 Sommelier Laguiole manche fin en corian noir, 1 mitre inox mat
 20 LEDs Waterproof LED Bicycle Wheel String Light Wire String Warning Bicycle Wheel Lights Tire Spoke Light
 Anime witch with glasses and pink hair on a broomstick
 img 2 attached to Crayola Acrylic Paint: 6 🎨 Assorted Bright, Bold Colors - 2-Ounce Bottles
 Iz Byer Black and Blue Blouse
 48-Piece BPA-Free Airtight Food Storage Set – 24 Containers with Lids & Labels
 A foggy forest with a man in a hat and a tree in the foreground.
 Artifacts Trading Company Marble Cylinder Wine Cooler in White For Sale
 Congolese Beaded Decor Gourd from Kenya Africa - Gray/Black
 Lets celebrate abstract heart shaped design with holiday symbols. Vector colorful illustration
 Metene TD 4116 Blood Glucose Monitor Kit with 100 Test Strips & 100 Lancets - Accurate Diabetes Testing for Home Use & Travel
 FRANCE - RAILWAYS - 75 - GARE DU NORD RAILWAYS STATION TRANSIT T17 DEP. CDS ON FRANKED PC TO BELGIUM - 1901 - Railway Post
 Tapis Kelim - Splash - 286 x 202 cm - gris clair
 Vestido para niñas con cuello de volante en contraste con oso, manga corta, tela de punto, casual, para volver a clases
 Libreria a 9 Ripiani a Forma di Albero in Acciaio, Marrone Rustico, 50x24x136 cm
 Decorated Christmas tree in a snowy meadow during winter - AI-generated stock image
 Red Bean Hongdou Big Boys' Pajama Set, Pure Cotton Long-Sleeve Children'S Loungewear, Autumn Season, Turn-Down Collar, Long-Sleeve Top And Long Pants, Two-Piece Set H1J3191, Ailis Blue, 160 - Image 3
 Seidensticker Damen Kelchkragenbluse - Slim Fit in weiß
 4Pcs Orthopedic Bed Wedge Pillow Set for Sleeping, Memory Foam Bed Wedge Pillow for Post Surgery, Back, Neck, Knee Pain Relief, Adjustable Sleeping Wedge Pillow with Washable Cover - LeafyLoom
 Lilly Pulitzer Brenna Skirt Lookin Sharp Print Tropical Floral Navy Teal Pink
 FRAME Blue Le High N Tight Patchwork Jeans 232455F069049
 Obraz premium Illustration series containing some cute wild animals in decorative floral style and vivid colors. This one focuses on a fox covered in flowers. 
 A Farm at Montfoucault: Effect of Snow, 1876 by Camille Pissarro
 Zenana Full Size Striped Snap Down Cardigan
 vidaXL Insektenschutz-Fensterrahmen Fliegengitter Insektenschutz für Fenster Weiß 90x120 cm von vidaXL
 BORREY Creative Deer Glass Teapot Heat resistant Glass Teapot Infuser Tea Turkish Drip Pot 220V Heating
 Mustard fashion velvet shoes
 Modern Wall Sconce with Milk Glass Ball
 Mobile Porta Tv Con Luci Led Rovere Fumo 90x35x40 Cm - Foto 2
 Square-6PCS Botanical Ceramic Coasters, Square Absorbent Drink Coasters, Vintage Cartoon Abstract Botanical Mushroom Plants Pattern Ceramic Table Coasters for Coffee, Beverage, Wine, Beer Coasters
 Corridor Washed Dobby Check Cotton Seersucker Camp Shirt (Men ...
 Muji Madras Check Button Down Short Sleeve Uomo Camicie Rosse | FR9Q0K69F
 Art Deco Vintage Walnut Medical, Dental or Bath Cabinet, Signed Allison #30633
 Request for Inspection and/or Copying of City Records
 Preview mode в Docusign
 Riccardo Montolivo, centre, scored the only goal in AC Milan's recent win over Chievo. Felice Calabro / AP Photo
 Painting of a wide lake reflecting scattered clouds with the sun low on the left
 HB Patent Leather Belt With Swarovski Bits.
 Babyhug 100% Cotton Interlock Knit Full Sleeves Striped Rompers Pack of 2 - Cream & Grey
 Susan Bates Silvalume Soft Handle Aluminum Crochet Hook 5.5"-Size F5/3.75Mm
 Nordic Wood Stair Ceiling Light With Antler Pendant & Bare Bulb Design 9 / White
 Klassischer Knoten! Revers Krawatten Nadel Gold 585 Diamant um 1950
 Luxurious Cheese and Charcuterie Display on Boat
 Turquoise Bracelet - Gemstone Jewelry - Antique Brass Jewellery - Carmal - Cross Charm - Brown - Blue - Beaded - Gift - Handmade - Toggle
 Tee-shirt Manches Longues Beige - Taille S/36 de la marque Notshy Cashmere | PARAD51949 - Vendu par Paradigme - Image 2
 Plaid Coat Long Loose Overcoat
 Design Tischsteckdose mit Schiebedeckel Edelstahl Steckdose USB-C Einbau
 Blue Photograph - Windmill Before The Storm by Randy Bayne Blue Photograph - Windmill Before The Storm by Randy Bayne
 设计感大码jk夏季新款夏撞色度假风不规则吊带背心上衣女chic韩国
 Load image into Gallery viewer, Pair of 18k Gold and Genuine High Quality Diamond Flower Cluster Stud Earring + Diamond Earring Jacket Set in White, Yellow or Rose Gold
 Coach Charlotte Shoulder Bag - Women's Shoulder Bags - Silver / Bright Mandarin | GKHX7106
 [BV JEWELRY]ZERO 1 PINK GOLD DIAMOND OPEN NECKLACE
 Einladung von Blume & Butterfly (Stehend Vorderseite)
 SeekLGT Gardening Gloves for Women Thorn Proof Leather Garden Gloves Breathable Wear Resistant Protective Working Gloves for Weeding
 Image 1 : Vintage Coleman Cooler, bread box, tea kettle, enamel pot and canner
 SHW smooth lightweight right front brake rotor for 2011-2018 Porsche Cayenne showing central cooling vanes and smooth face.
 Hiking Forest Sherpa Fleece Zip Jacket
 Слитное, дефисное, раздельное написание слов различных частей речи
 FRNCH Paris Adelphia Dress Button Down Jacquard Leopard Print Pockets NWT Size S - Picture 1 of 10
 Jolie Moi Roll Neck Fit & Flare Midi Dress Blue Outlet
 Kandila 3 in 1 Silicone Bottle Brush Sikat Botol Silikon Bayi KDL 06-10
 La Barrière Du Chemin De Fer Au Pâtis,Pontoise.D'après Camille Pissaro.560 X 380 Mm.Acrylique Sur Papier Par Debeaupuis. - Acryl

..............................

• **ABOUT THIS TASK**
In the listing above, locate the line containing "Zenana Full Size Striped Snap Down Cardigan" and the line containing "Corridor Washed Dobby", then transcribe both and every line between them verbatim.

• **YOUR SOLUTION**
 Zenana Full Size Striped Snap Down Cardigan
 vidaXL Insektenschutz-Fensterrahmen Fliegengitter Insektenschutz für Fenster Weiß 90x120 cm von vidaXL
 BORREY Creative Deer Glass Teapot Heat resistant Glass Teapot Infuser Tea Turkish Drip Pot 220V Heating
 Mustard fashion velvet shoes
 Modern Wall Sconce with Milk Glass Ball
 Mobile Porta Tv Con Luci Led Rovere Fumo 90x35x40 Cm - Foto 2
 Square-6PCS Botanical Ceramic Coasters, Square Absorbent Drink Coasters, Vintage Cartoon Abstract Botanical Mushroom Plants Pattern Ceramic Table Coasters for Coffee, Beverage, Wine, Beer Coasters
 Corridor Washed Dobby Check Cotton Seersucker Camp Shirt (Men ...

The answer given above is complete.